Jam 8 malam, mereka kembali bekerja dengan tekun. Kapan mereka bisa pulang ke rumah? Jam 11 malam adalah jam pulang kerja. Ini adalah jam kerja yang umum diberlakukan di seluruh Cina, bukan hanya karangan pabrik tersebut.

Ini berlangsung tiap hari selama seminggu penuh. Ya, seminggu penuh! Pekerja pabrik itu tetap bekerja di hari Sabtu dan Minggu. Mereka hanya dapat libur 1 hari dalam sebulan. Mereka baru dapat libur tambahan kala hari-hari besar dan waktu tahun baru Cina mereka bisa mendapatkan libur selama 2 minggu atau lebih.

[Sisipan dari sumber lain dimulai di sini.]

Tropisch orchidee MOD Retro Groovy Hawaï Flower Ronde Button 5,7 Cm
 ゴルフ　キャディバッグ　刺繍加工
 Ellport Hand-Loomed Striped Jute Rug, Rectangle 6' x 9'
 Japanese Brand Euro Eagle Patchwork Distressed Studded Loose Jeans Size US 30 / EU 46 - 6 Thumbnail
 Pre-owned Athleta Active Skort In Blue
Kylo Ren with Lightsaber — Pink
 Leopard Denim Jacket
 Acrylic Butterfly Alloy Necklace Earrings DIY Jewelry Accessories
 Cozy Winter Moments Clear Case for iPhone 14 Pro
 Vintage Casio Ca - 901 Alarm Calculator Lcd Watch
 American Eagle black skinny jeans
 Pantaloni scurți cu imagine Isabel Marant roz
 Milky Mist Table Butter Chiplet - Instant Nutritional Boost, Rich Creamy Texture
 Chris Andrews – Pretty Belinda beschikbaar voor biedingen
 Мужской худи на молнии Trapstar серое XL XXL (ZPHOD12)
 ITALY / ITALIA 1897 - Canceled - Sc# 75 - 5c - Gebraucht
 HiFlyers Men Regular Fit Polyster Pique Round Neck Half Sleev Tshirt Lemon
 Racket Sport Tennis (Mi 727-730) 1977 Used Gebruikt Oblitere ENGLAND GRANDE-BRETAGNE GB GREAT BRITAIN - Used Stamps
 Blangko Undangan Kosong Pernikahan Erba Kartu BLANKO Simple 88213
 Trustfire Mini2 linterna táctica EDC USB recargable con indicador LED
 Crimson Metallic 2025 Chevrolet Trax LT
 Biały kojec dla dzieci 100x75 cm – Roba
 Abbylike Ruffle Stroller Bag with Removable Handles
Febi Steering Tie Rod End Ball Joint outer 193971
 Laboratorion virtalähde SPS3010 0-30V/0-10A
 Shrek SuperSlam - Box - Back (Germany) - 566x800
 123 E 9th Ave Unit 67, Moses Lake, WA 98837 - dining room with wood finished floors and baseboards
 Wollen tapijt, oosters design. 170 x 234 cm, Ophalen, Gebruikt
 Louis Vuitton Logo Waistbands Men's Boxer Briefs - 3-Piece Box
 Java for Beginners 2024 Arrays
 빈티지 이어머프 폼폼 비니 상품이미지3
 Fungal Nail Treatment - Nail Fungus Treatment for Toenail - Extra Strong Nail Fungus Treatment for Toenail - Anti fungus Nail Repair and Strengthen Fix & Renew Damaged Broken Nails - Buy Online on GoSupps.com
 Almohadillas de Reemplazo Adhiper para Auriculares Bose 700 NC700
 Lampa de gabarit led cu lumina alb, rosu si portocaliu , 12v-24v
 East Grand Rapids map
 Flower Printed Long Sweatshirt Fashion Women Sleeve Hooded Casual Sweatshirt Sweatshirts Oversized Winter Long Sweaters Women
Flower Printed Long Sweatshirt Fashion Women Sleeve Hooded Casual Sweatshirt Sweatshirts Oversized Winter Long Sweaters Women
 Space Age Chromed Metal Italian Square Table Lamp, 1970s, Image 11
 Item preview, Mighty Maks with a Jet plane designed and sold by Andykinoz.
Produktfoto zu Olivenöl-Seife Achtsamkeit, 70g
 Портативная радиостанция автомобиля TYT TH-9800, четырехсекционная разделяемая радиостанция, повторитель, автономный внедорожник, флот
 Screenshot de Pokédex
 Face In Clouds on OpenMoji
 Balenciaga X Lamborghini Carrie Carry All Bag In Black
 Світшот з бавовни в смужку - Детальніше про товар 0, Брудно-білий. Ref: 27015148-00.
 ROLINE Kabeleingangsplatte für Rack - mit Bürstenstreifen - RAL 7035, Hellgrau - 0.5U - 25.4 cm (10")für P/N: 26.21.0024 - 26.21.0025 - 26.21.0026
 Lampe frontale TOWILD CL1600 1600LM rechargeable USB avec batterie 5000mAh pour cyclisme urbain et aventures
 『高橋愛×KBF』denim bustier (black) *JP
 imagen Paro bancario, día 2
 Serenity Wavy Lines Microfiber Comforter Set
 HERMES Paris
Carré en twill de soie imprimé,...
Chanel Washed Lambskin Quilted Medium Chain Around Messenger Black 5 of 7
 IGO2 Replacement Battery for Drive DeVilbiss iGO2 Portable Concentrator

Saya tidak bisa berkata-kata mendengar cerita tersebut. Antara kagum dan kasihan. Rekan saya menambahkan, buruh-buruh itu adalah pekerja terampil dengan profesionalisme tinggi. Mereka tidak akan bicara dengan sesamanya waktu kerja kecuali untuk urusan pekerjaan. Mereka tidak mengobrol, mendengarkan musik, merokok di ruangan kerja, makan, minum, ataupun meninggalkan station-nya barang semenit pun.

Kita selalu mendengar tentang keajaiban Cina dalam dunia ekonomi. Cina memiliki pertumbuhan ekonomi yang tertinggi di dunia, 9% selama 25 tahun. Dia memiliki ekspor terbesar di dunia. Pertumbuhan Cina ini dimulai dari Deng Xiaoping, yang melakukan reformasi besar-besaran. Mereka melakukan perampingan dan pelonggaran birokrasi, pembukaan investasi yang berbasis pasar, penguasaan industri dan ekspor dunia, dan pemberian hukuman seberat-beratnya pada para koruptor. Wajar ekonomi mereka tumbuh luar biasa.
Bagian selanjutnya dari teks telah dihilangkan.